Invirtió las horas de insomnio que, a pesar del whisky, lo atormentaban a diario en pensar como lograría su propósito. Se dijo a si mismo que no quería una muerte romántica y heroica como había soñado de joven. Los años y la decepción lo habían alejado de sus sueños de juventud al punto de odiar todo lo que alguna vez se le había pasado por la cabeza: odiaba las revoluciones, odiaba los poemas, las canciones estúpidas, las ideas utópicas, la fascinación por lo extraño, el desorden, el teatro y todas esas ideas de adolescentes (no encontré mucho más aquí). Tampoco, se dijo, debería ser una muerte solitaria que dejara en evidencia lo aburrido y patético de sus últimos años de vida. Entre esos dos extremos se debatió a lo largo de la noche tratando encontrar una solución que concordará precisamente con sus deseos finales.

Pensó primero en una muerte sangrienta y aterradora y recordó como en los últimos años de su vida había regalado mueble por mueble, libro por libro, centavo por centavo todas sus posiciones para “estar listo para morir”. Recordó las risas de sus hijos ante aquello y aquel “viejo tranquilo si te quedan muchos años” que se negaba a creer honesto. Pensó entonces que algún paralelismo: quizás, herirse la mano dedo por dedo en alguna gran reunión familiar para luego suicidarse públicamente era tal vez la forma adecuada de callarlos. Pronto descartó la idea que se acercaba enormemente a aquella exageración absurda, estúpida y puramente adolescente que tanto detestaba.

Discutió (y uso este verbo porque me aleja de cierta tristeza para los años de soledad quizás no tan próximos en tiempo pero definitivamente inminentes) consigo mismo utilizar las pastillas para dormir y dejar que éstas lo lleven a la muerte en aquel preciso momento.
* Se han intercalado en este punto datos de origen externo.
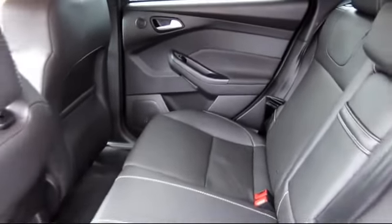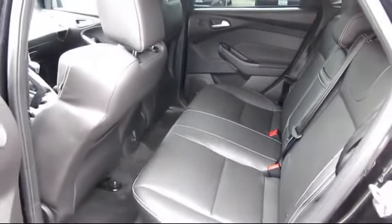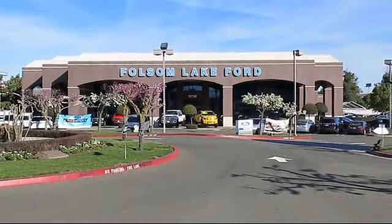We've got a great selection of certified pre-owned Ford vehicles. Come in today and let us show you what excellence in customer service looks like. We're located off Highway 50 at Folsom Boulevard, under the flag.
Pensó en salir a comprarlas y en consumirlas inmediatamente para que todo termine pronto aunque consideró que era, quizás, una muerte demasiada solitaria y demostraba una soledad demasiado evidente.

Ideo varias muertes diferentes pero no podía decidirse: cruzaría la vía del tren para que este lo atropellará, saltaría de la ventana de su séptimo piso, se dejaría ahogar por el agua caliente en la bañera. (Sus reflexiones se interrumpieron brevemente por el recuerdo repentino de un cuento que recordaba haber escrito de joven. Había olvidado su contenido pero podía verse con claridad escribiéndolo en su habitación. Pronto recordó que estaba inspirado en una declaración de Cortazar sobre como hacía terapia con sus cuentos. !Que idiotez!, se dijo) Pensó luego que la decisión era ridícula y que debería haber alguna manera de que el azar decidiera como quitarle la vida pero no encontró forma aparente de lograrlo y menos de asegurarse que esto sucediera el día próximo. Debería, se dijo, haber alguna forma de decir “me rindo” y de dejar que alguna fuerza superior acabe con todo sin que la decisión de cómo hacerlo necesitase ser tomada. Recordó que algún escritor norteamericano había dicho algo al respecto pero decidió que no valía la pena hacer esfuerzos por recordar nada relacionado a aquella estúpida perturbación de la juventud que era la literatura

Se imaginó imitando alguna muerte de algún cuento policial pero sospechó que la copia sería demasiado evidente y debelaría una antigua afición por la literatura que deseaba esconder.

Finalmente, como todas las noches, se quedó dormido.

La sección fúnebre del único diario de la zona mencionará el apellido Pappier recién quince años después. Sus familiares lloraron su muerte pero entendieron que era algo natural de un hombre ya muy mayor al que claro está más temprano que tarde le tenía que tocar.